**Exercise directions:** Set down every line from the one containing "Let's revise what" through the last line of the records below, exactly as written, and leave out the pictures.

Collected data

Content starts

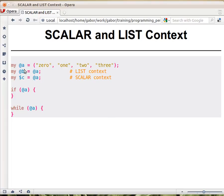Let's see this array @a, which contains four values — four strings. If you assign @a to @b, to the array b, what happens is that all the values are copied over to @b, so array b will have the same exact strings as array a. This is in list context, because on the left-hand side there is an array, so we're expecting several values from the array.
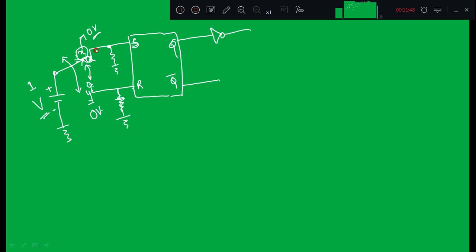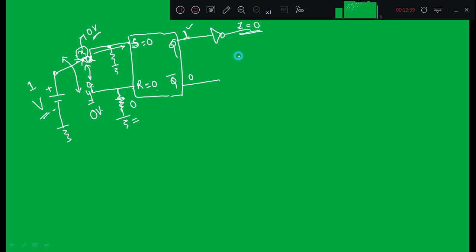Since S equals 1 and R is pulled down to zero, according to the truth table of the SR flip-flop, when S is high the flip-flop sets, meaning Q equals 1, so output Z equals 0. When the switch is thrown from X to Y, it is neither connected to X nor Y, so S equals 0 and R equals 0. When S equals R equals 0, the flip-flop remains in its previous state — Q stays equal to 1 and output remains 0.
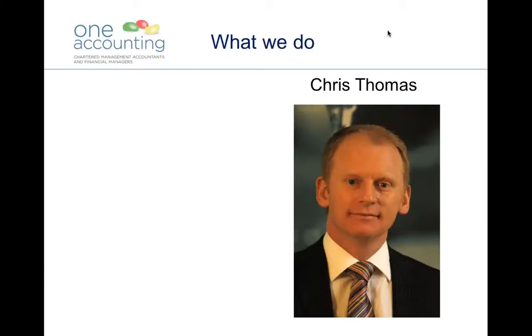Director of One Accounting in Edinburgh, and I'm really pleased to welcome you to the free agent tips and tools webinar that we're presenting this morning.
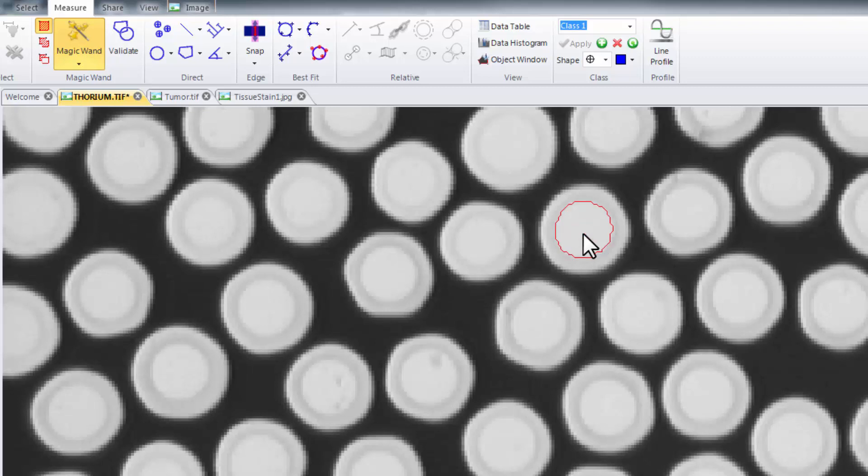The magic wand will automatically trace the outline of the region or feature based on the color similarities and differences of intensity ranges between the pixel that's under your cursor and the surrounding pixels.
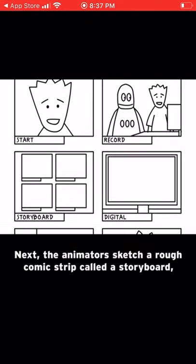Next, the animators sketch a rough comic strip called a storyboard, which guides them as they animate the movie.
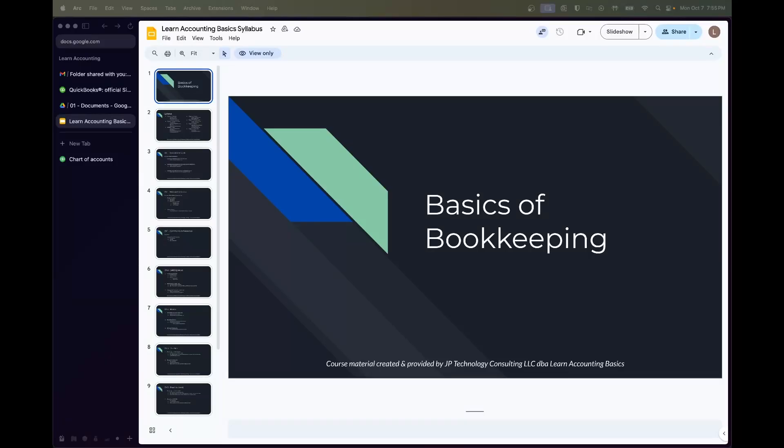Hey, y'all. My name is Prithi, and I will be your teacher for Learning the Basics of Bookkeeping. This course is meant for aspiring bookkeepers,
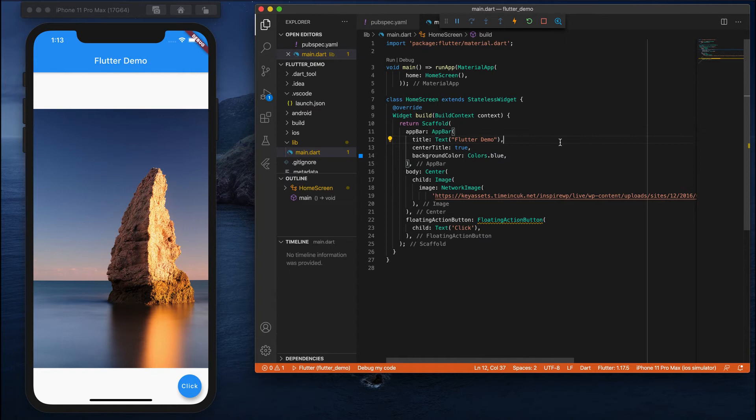This is how we can show an image in our simulator from the network. NetworkImage downloads an image from a particular URL and automatically shows it in your simulator, emulator, or whatever device you want.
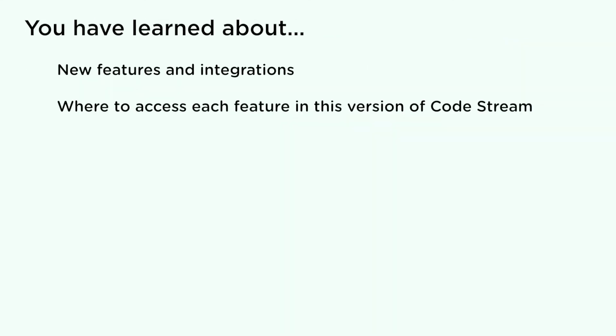You've learned about new features and where to access each feature in this version of CodeStream. For more information about vRealize CodeStream, visit pubs.vmware.com.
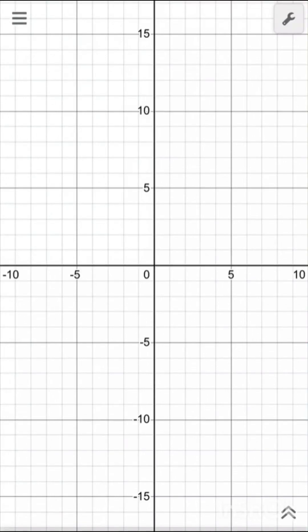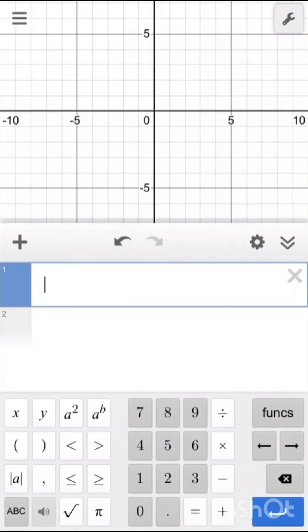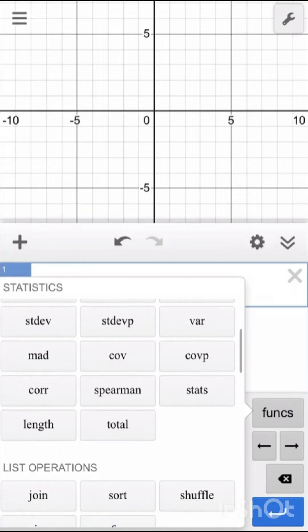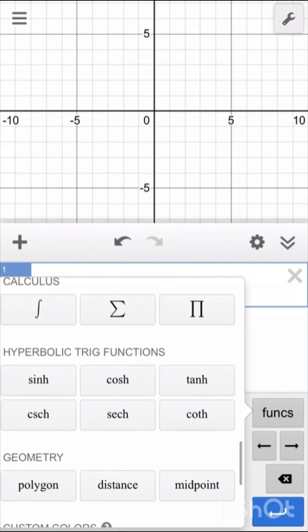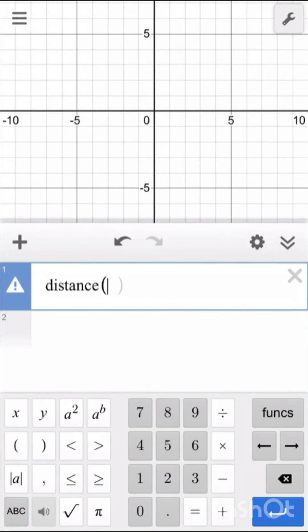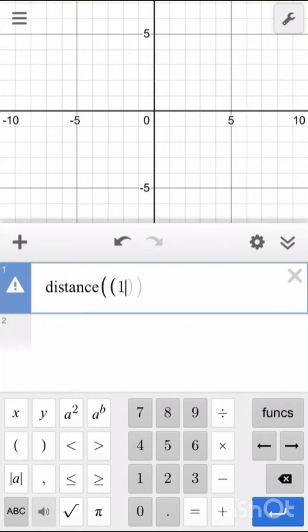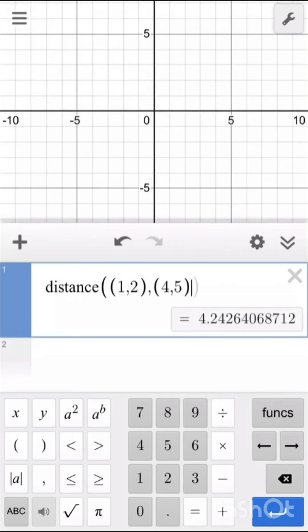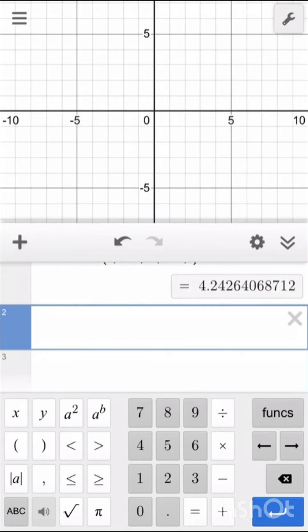We are going to learn how to find the distance between two points and their midpoint. To find the distance between points, from the functions select 'distance.' Then write two ordered pairs: (1, 2) and (4, 5). Their distance is 4.24.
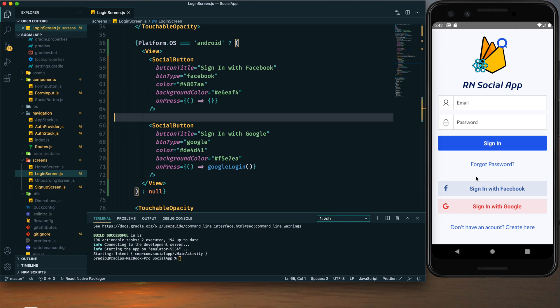Hey guys, welcome back to my YouTube channel. Today in this tutorial I am going to show you how we can implement Facebook login in our React Native app with Firebase. In my previous tutorials I have already shown you how we can implement email-based authentication using Firebase in our React Native app, and also how we can implement Google login.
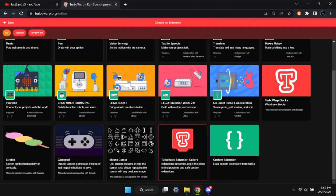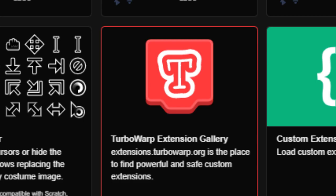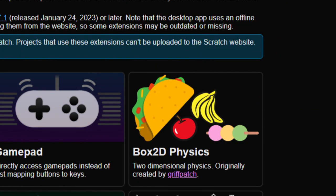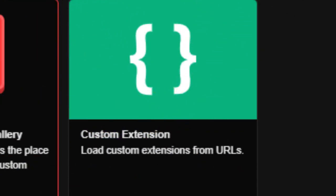First you're going to need Turbo Warp. Fair warning, the Box 2D Physics are not able to be used on Scratch and only Turbo Warp. Open the Turbo Warp editor and click Extensions. Click the Other Extensions button once the Extensions tab is open and find Box 2D Physics by Griffpatch. Then put the URL into Turbo Warp or just open the project.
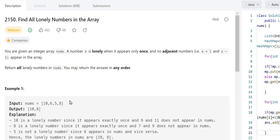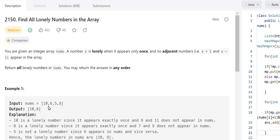In the example we have 10, 6, 5, 8. Let's check which number is lonely. For 10: it appears only once, and its adjacent numbers 9 and 11 are not there, so 10 is a lonely number. For 6: it appears only once, but 5 and 7 should not exist — and 5 is existing, so 6 is not a lonely number.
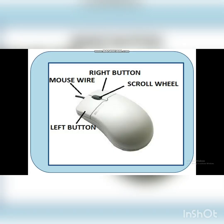Let's revise what we had done. This is the mouse wire. Left button. Right button. And this wheel is called the scroll wheel.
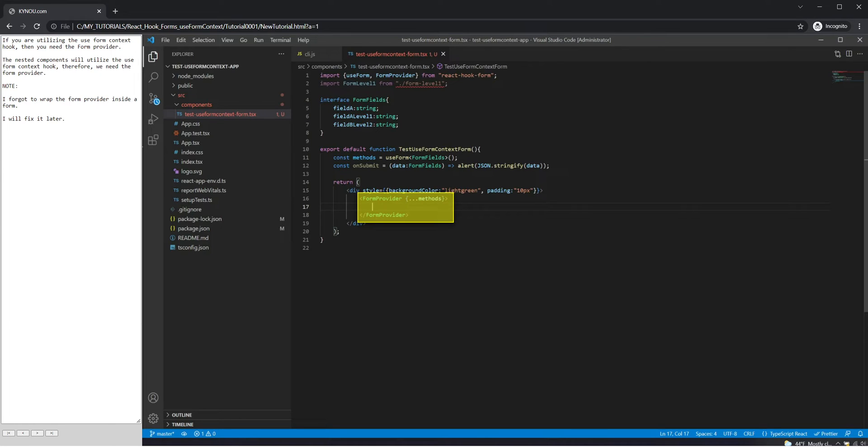Note: I forgot to wrap the form provider inside a form. I will fix it later.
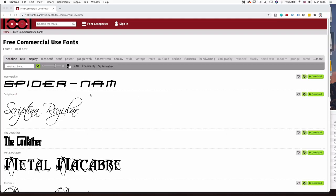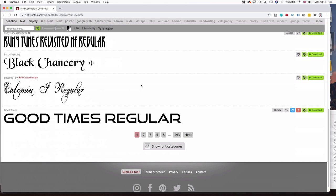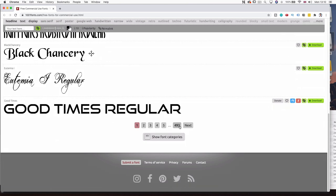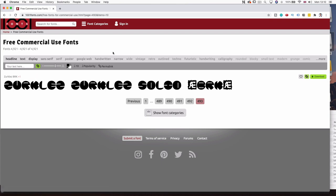Where can you find free commercial fonts for your designs? This is a question everyone seems to be asking. You can go to 1001fonts — they have a whole free commercial rights section. The link will be in the description. Definitely go and check that out if you want to download some free fonts for your t-shirt designs.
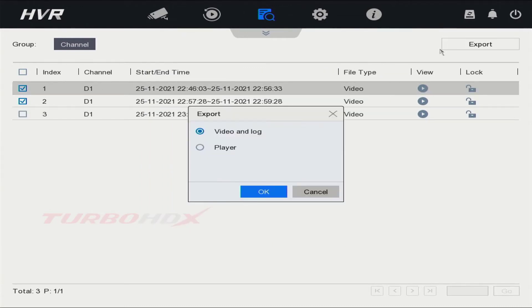Click Export to download the video. We can download the video and log or player.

Content ends

**Answer for the task:**
Let's revise what we had done. This is the mouse wire. Left button. Right button. And this wheel is called the scroll wheel.
Note: I forgot to wrap the form provider inside a form. I will fix it later.
Where can you find free commercial fonts for your designs? This is a question everyone seems to be asking. You can go to 1001fonts — they have a whole free commercial rights section. The link will be in the description. Definitely go and check that out if you want to download some free fonts for your t-shirt designs.
Click Export to download the video. We can download the video and log or player.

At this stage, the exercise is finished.